> _ASSIGNMENT_:
The output should consist solely of the line containing "2017 Ford Fusion" and the lines that follow it through the end of the data below.

*** DATA ***

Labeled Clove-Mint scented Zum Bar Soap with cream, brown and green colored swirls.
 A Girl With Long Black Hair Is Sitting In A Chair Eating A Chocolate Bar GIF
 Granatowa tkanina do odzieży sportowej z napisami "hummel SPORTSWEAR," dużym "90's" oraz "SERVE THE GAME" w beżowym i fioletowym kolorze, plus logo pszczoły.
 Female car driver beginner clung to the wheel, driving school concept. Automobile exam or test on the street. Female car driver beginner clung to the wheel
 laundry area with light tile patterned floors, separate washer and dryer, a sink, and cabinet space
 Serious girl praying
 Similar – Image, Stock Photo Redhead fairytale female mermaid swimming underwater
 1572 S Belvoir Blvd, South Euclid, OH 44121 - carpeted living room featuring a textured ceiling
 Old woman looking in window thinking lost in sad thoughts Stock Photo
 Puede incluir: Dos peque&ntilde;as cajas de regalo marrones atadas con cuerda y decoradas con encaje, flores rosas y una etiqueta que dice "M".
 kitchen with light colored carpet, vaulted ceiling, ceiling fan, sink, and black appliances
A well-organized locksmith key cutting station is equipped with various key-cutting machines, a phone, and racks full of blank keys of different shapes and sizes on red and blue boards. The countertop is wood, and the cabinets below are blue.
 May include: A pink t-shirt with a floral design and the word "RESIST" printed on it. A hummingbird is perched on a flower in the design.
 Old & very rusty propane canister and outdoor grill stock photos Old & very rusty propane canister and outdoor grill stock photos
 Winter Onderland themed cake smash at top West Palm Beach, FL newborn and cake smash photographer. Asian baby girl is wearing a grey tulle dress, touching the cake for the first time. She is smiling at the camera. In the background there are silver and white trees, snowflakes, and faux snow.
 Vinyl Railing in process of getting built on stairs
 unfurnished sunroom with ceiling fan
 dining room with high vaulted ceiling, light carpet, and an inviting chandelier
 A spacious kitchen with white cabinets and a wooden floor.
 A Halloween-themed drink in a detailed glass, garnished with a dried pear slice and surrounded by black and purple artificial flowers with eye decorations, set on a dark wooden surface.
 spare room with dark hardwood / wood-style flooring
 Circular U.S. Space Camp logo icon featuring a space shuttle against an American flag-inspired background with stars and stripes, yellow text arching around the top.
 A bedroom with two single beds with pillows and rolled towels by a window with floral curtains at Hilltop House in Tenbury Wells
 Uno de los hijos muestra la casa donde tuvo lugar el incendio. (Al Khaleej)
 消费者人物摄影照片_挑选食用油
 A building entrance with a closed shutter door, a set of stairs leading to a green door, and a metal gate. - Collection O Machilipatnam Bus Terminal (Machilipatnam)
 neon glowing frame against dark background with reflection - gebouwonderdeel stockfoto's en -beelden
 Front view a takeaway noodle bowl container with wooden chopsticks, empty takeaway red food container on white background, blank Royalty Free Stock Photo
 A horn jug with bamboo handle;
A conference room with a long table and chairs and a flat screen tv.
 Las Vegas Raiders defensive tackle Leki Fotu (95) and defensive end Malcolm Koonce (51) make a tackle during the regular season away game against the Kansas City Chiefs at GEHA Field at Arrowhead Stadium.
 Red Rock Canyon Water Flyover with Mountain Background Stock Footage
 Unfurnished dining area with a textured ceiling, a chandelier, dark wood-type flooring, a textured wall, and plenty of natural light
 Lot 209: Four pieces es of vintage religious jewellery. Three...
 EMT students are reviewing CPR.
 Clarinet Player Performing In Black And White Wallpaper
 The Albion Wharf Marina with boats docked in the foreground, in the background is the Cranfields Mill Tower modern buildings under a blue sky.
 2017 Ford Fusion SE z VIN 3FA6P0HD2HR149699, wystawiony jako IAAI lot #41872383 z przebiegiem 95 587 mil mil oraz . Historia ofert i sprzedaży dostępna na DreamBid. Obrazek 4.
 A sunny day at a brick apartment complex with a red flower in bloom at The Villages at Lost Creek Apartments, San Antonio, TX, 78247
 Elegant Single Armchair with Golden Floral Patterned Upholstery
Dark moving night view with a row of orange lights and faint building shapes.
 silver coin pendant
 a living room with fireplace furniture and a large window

*** End of DATA ***

> _REPLY_:
 2017 Ford Fusion SE z VIN 3FA6P0HD2HR149699, wystawiony jako IAAI lot #41872383 z przebiegiem 95 587 mil mil oraz . Historia ofert i sprzedaży dostępna na DreamBid. Obrazek 4.
 A sunny day at a brick apartment complex with a red flower in bloom at The Villages at Lost Creek Apartments, San Antonio, TX, 78247
 Elegant Single Armchair with Golden Floral Patterned Upholstery
Dark moving night view with a row of orange lights and faint building shapes.
 silver coin pendant
 a living room with fireplace furniture and a large window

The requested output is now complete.